According to FINRA’s July 17 announcement, all of the firms failed to waive mutual fund sales charges for the eligible accounts and failed to reasonably supervise the sale of mutual funds offering sales charge waivers. “This was a multi-year effort with the goal of obtaining meaningful restitution for mutual fund investors who were not afforded the sales charge waivers they were entitled to,” stated Susan Schroeder, FINRA Executive Vice President and head of Enforcement. “Ensuring that harmed customers are made whole is our highest priority and in some instances, FINRA granted credit for extraordinary cooperation to those firms who were proactive in identifying and fixing the issue, and who quickly remediated affected customers.”
FINRA in 2015 initially reached settlements with 10 firms that self-reported that their sales representatives failed to consider applicable sales charge waivers for charitable and retirement plan accounts that had purchased mutual funds.
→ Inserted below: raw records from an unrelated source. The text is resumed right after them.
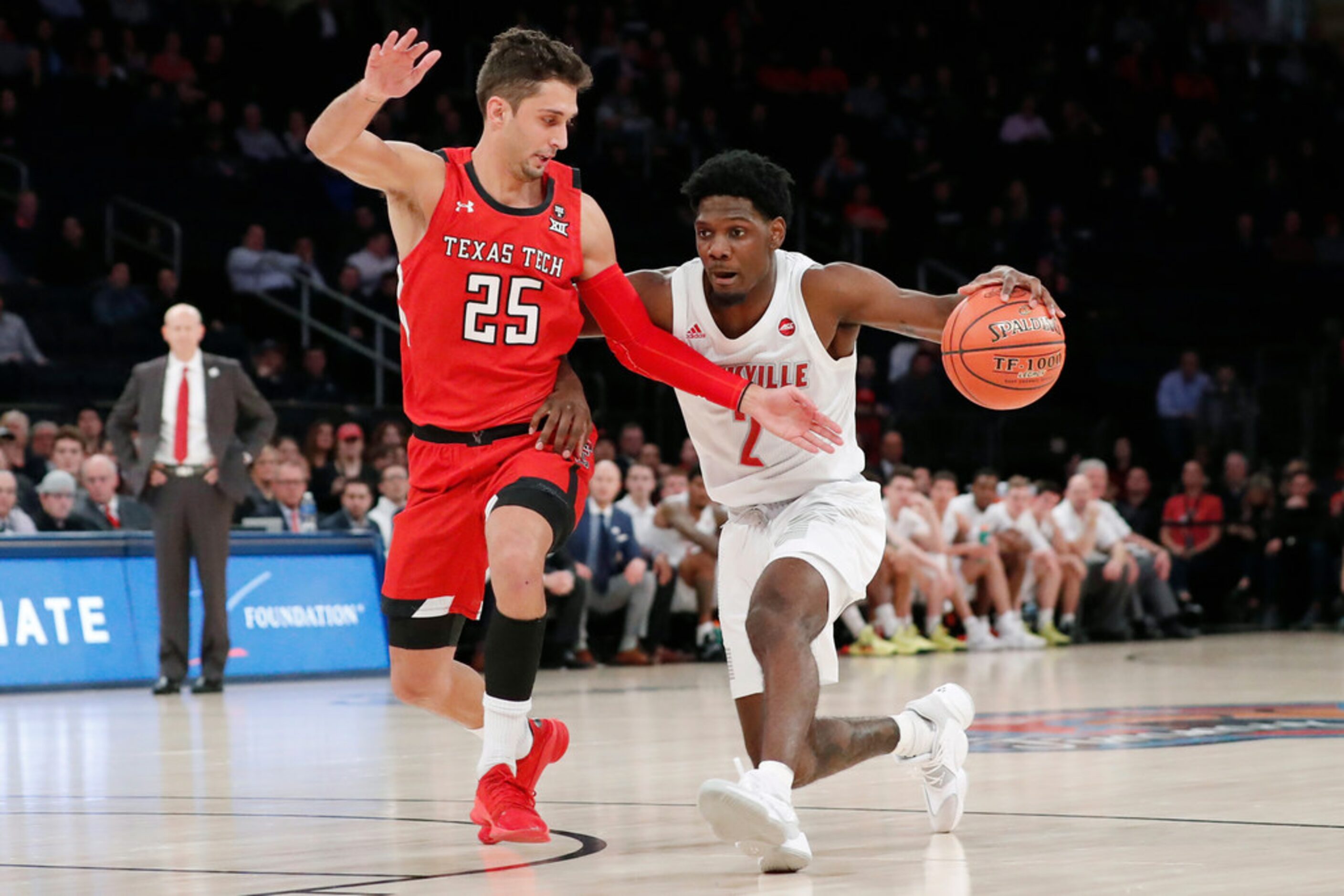 Texas Tech guard Davide Moretti (25) defends Louisville guard Darius Perry (2) as he drives...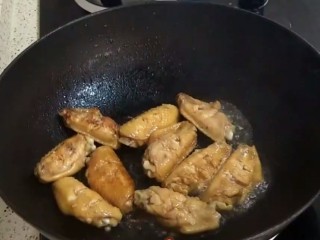 6、香煎鸡翅,锅烧热后，加入两勺花生油，放入腌制好的鸡翅，小火煎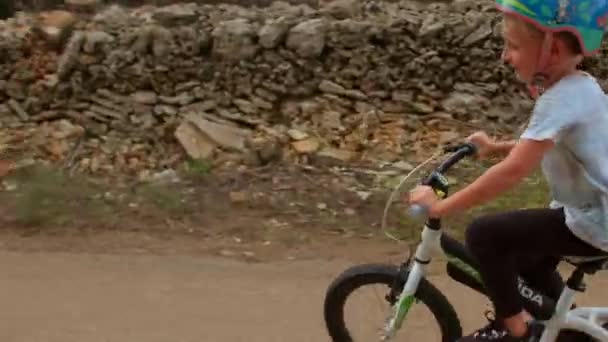 Kasklı çocuk yolda bisiklete biniyor. Yüksek hız heyecanı tetikler. — Stok video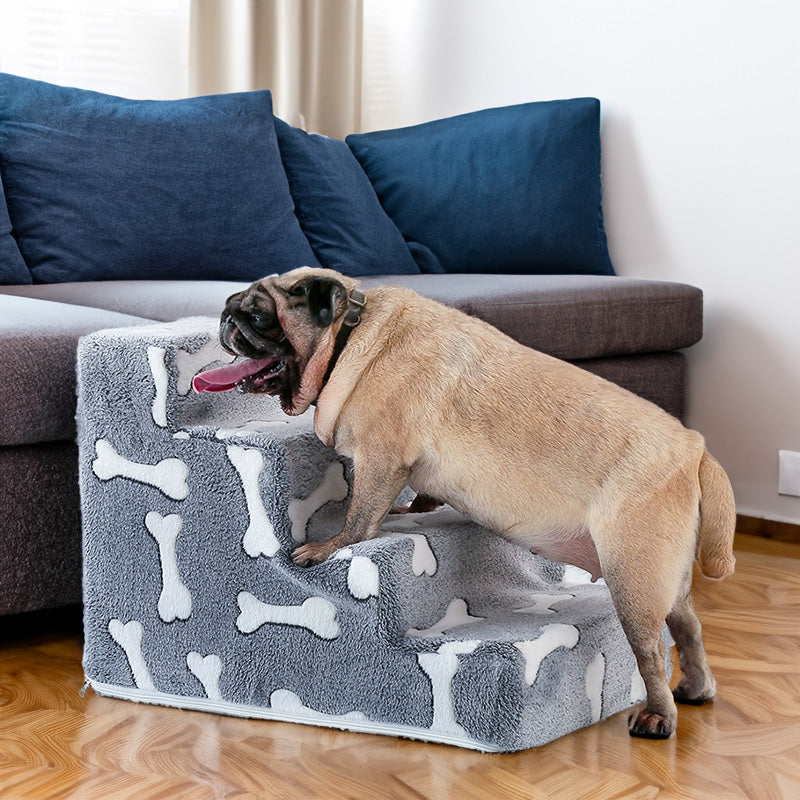 A pug using Tiered High-Density Foam Pet Stairs - Nonslip Pet Steps for High Beds & Sofas - Easy-Access Joint Support with a soft gray bone pattern next to a sofa with blue cushions.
The organization found that although the mutual funds available on the firms’ retail platforms offered these fee waivers to charitable and retirement plan accounts, at various times dating back to at least July 2009, the firms did not waive the sales charges when they offered Class A shares to these customers. FINRA also found that these firms failed to reasonably supervise the application of sales charge waivers to eligible mutual fund sales.
Even though member firms continued to self-report the failure to offer mutual fund fee waivers, FINRA says that it discovered the same problem at other firms during examinations. As a result, in May 2016 FINRA launched a targeted exam– known as a sweep – to review a group of firms that had not self-reported the issue. Consequently, FINRA sanctioned 11 firms through the sweep and reached settlements with another 35 firms, most of which self-reported prior to the sweep.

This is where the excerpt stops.